It is true for groups of Lie type in defining characteristic
A unipotent subgroup of a connected, reductive linear algebraic group is called radical if it is the unipotent radical of its normalizer. One version of the Borel–Tits theorem is that the radical subgroups are the unipotent radicals of the parabolic subgroups. Hence the radical subgroups of a fixed Borel subgroup are indexed by subsets of the positive roots, and so we have the rather convenient $A \leq B \implies N_G(B) \leq N_G(A)$ whenever $A,B$ are radical subgroups of a connected, reductive linear algebraic group. Alperin's fusion theorem (for unipotent subgroups of a connected, reductive linear algebraic group) shows that whenever $\langle A,A^g \rangle$ is unipotent, there are radical subgroups $B_i$ and elements $g_i \in N_G(B_i)$ such that $A^{g_1 \cdots g_{i-1}} \leq B_i$ and $g = g_1 \cdots g_n$. In particular, if $A$ itself is radical and $\langle A,A^g \rangle$ is unipotent, then $A=A^g$ since all the $g_i \in N_G(B_i) \leq N_G(A)$. In other words, every radical subgroup of a connected, reductive linear algebraic group is weakly closed in every maximal unipotent subgroup containing it.
It is false in general
However, when $G$ has a characteristic different from $p$ (or has no characteristic), then things loosen up considerably. We no longer have $A \leq B \implies N_G(B) \leq N_G(A)$ for radical subgroups, and this allows us to focus attention on the “wrong” $B$, while another $B$ takes care of the conjugation. $\newcommand{\Sym}{\operatorname{Sym}}\newcommand{\PSL}{\operatorname{PSL}}$
A few infinite families of counterexamples for $p=2$ include $\Sym(n)$ for at least half of $n\geq 7$, and $\operatorname{PSL}(3,q)$ for $|q| \geq 5$ odd. I assume counterexamples are quite common in general, but there appear to be a lot of “small exceptions” to my assumption, so beware.

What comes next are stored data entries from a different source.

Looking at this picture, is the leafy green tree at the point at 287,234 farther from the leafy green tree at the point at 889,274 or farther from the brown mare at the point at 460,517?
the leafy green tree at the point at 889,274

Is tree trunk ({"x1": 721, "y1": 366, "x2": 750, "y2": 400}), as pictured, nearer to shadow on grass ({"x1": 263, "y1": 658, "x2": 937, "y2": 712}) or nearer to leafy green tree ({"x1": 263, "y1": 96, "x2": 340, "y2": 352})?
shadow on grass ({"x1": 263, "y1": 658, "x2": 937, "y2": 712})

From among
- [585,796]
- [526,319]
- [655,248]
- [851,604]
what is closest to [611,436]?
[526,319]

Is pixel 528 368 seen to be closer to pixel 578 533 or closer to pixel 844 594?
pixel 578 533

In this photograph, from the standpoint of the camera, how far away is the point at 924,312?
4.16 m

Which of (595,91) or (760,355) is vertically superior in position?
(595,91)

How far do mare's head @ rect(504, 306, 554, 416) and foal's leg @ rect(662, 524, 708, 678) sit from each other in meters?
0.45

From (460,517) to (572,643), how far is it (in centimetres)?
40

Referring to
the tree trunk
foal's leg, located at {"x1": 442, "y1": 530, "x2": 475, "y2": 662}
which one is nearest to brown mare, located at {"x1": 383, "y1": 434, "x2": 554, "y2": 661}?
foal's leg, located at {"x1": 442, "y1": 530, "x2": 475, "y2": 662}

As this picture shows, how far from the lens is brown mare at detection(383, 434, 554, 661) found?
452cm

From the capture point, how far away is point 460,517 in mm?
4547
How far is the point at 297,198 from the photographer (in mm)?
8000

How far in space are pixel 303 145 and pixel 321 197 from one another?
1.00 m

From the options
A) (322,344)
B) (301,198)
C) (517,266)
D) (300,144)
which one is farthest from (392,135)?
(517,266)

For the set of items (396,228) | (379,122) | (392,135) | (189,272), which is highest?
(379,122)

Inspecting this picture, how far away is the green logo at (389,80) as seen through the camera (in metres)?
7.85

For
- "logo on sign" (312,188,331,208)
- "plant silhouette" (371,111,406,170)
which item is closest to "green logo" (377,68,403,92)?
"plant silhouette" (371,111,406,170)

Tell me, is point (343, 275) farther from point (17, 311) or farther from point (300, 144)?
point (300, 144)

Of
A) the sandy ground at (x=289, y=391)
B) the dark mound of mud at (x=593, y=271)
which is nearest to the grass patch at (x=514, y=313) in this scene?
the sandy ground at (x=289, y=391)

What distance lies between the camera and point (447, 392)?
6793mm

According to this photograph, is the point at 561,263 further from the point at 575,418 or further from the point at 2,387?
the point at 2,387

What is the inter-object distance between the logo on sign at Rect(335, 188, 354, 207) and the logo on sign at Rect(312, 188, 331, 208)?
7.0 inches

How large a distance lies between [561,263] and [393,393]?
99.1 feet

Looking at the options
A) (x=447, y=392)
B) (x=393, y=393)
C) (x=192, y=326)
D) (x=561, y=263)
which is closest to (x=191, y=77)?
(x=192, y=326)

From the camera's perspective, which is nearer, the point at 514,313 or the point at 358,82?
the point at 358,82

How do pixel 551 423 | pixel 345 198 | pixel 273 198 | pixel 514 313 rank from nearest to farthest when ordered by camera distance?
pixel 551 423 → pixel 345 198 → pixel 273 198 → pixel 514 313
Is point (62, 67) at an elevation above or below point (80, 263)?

For $G=\Sym(7)$, let $A=\langle (1,2) \rangle$, which has order 2 and normalizer $A \times \Sym(\{3,4,5,6,7\})$ and let $B=\langle (1,2), (3,4), (5,6), (3,5)(4,6) \rangle$ be a self-normalizing Sylow 2-subgroup. Clearly $A$ has many $G$-conjugates in $B$, including $\langle (3,4) \rangle$ and $\langle (5,6) \rangle$. This does not contradict Alperin's fusion theorem, since the conjugation that takes $A$ to $\langle (5,6) \rangle$ does not have to rely only on the subgroup $B$. A similar construction works for most $n$: if $2,3 \equiv n \mod 4$ then more or less the exact construction works. I am a little unclear on how easily $\Sym(9)$ works while $\Sym(8)$ does not work at all.
For $G=\PSL(3,q)$, ($|q| \geq 5$ an odd prime power, $\PSL(3,-|q|) = \operatorname{PSU}(3,|q|)$ being the unitary group), there are two cases for the proof, but the choice of $A$ and $B$ is the “same.” Take $B$ to be a Sylow 2-subgroup and $A=Z(B)$ to be its center. For $q=1 \mod 4$, $B$ is a “wreathed” Sylow 2-subgroup, and $A=Z(B)$ is the “diagonal” subgroup of the base of $B$. $A$ is $G$-conjugate to all the direct factors of the base, but obviously is normal in $N_G(B)$. Again this does not contradict Alperin's fusion theorem, since $A$ is contained in the base of $B$, a radical subgroup whose normalizer does not normalize $A$. For $3 \equiv q \mod 4$, $B$ is quasi-dihedral and $A=Z(B)$ has order 2. $A$ is contained in a radical Klein 4-subgroup with full fusion, but any larger radical subgroup has smaller normalizer. I'm not entirely certain I understand why $q=3$ is an exception.